The Leadership Voices series, a joint venture with New America and the McCain Institute for International Leadership, features icons and trailblazers from across business, politics, sports and technology. Focused on actionable tips and advice for young professionals, these conversations highlight how the people we look up to get to where they are – and how you can get there, too.

This installment of Leadership Voices featured a conversation with renowned columnist and best-selling author David Brooks. Brooks has been an op-ed columnist for The New York Times since 2003 and is also a commentator on PBS “NewsHour,” NPR’s “All Things Considered” and NBC’s “Meet the Press.” He discussed his early career, important junctures in his path and key influencers who shaped his professional trajectory.

The discussion was moderated by Rosie Gomez, a graduate of the McCain Institute’s Next Generation Leaders 2016 cohort. Gomez is the lead on the issue of human trafficking within the child welfare population at the Department of Health and Human Services.

David Brooks discussing his hiring criteria: “I look for someone who did something that makes no sense by the standards of career advancement.”

Event Recap

On February 7, 2018, the McCain Institute for International Leadership and New America co-hosted “Leadership Voices: Pathways to Success,” featuring op-ed columnist for The New York Times, David Brooks, and moderator, former McCain Institute Next Generation Leader, Rosie Gomez. The conversation ranged from defining character-driven leadership, how David broke into journalism, the impact his mentors had on his career, and advice for millennials as they enter the work force. Here are some of the highlights from their conversation:

Defining Values and Character-Driven Leadership

  • Brooks believes there are two sets of social virtues: “résumé virtues and eulogy virtues.” The first defines how good you are at your vocation; the latter are the qualities that people will remember you for. To Brooks, character is developed through “confrontation with your own sinfulness” and a sense of humility. When synthesized, these qualities produce a sense of “radical self-awareness” which helps you put yourself in the shoes of another person.
  • Character, he says, also “comes from falling in love with the right things” and making commitments to them. The four biggest commitments we make in life that determine our character are to “a spouse and family, a vocation, a philosophy or faith, and to a community.”

The “Big Break” Moment

  • Brooks acknowledges that the people who are passionate about their work had an “enunciation moment,” or significant memory that prefigures their futures’.
  • His big break happened after he wrote a satirical piece for his college newspaper about William F. Buckley, the founder of The National Review. When Buckley visited to his campus, he offered Brooks a job as an editorial associate.

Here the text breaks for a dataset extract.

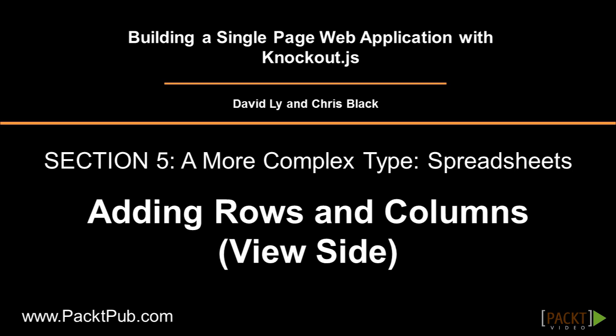Welcome back. In the last video, we created the view model side, adding new rows and columns to a spreadsheet. Now that the view model portion is done, we want to set up the view to properly implement that functionality.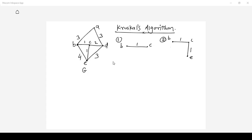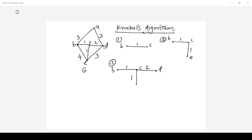In the third step I should look at the next minimum cost, which is 2. The edge is C to D. B to C and C to E are already covered, so the next minimum cost edge is C to D. Adding C to D is not creating a circuit, so I can add edge C to D.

A Return to Civil Discourse

  • When it comes to arguing ideas and confronting people that disagree with you, Brooks advocates a policy of “love your enemy,” and treat them as if “they are bringing you a gift,” otherwise the partisan hatred will eventually “consumes you” and cloud your judgements.

Advice for Millennials

  • When asked about the difficulties millennials are facing, Brooks sympathizes: “I don’t blame them; I blame us,” for not giving them a “moral vocabulary.” In what he calls “the most unsupervised decade of your life,” Brooks claims that “being in your 20s is phenomenally hard.” Caught between the advice to “explore your options” and the opposite desire to achieve future stability, Brooks claims that millennials “are drowning in freedom.” To combat this contradiction, Brooks believes millennials should invest in their own “identity capital” and “do the thing that will make them most interesting.”
  • “The great blessing of the millennials,” Brooks claims, “is that a number of them are ‘hyphenated,’” meaning they inhabit more contradictions than previous generations. The melding of differing perspectives on race, gender, religion, politics and worldview helps to “bridge human capital” between American communities.
  • Brooks ends by warning the millennials in the audience to be cautious with technology. He specifically notes the dangers of social media, claiming “we’re connecting more, but we’re relating less.”